Problem details: Each line below is to be repeated exactly; any picture is to be left out.

Dataset section:
───

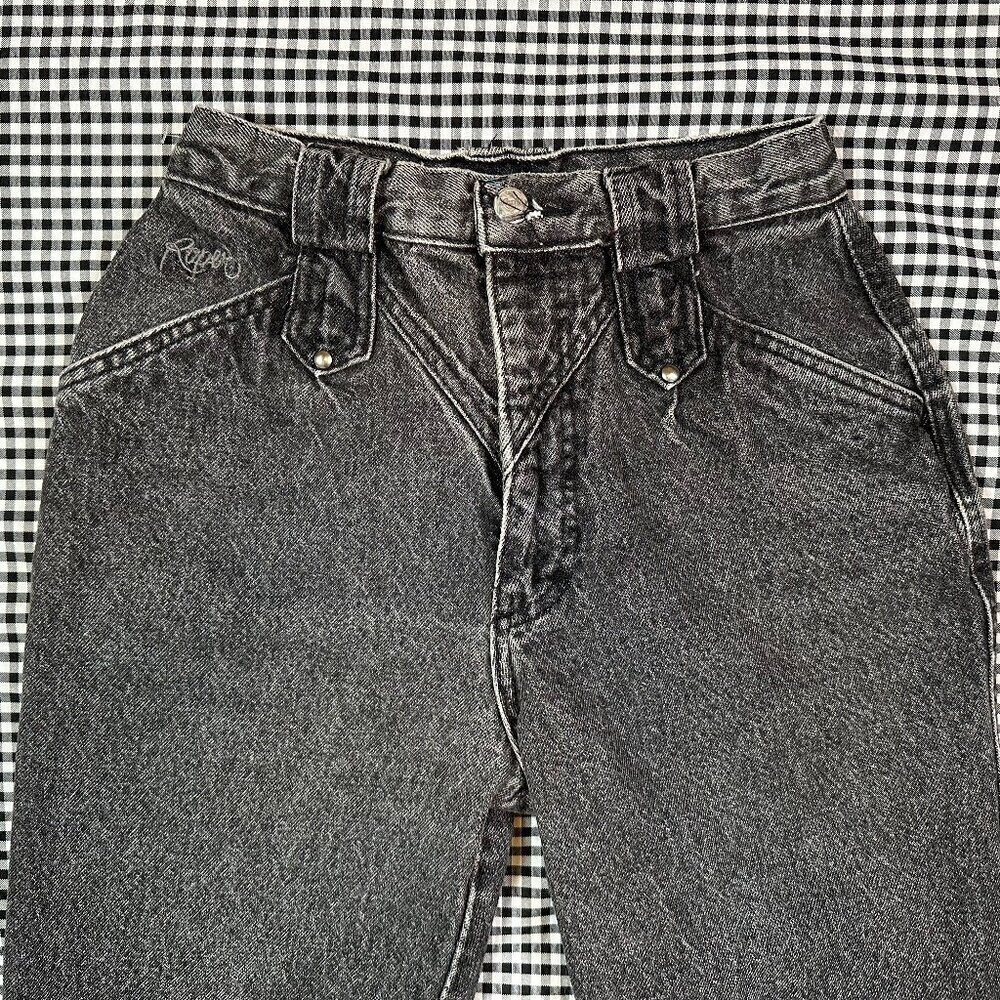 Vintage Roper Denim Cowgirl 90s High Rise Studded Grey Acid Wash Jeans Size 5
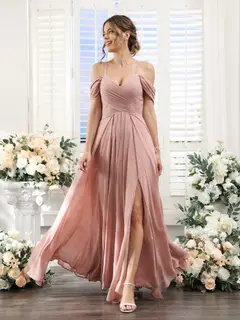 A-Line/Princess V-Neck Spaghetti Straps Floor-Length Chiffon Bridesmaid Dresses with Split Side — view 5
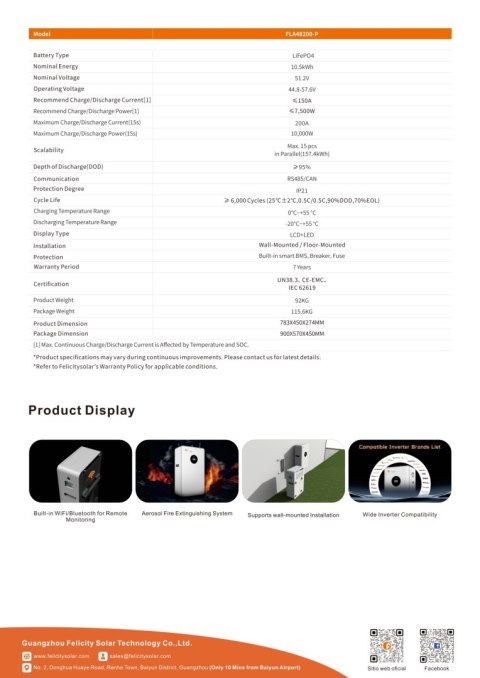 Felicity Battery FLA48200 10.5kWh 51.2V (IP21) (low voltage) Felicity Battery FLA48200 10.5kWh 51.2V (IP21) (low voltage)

───

Answer to the exercise:
 Vintage Roper Denim Cowgirl 90s High Rise Studded Grey Acid Wash Jeans Size 5
 A-Line/Princess V-Neck Spaghetti Straps Floor-Length Chiffon Bridesmaid Dresses with Split Side — view 5
 Felicity Battery FLA48200 10.5kWh 51.2V (IP21) (low voltage) Felicity Battery FLA48200 10.5kWh 51.2V (IP21) (low voltage)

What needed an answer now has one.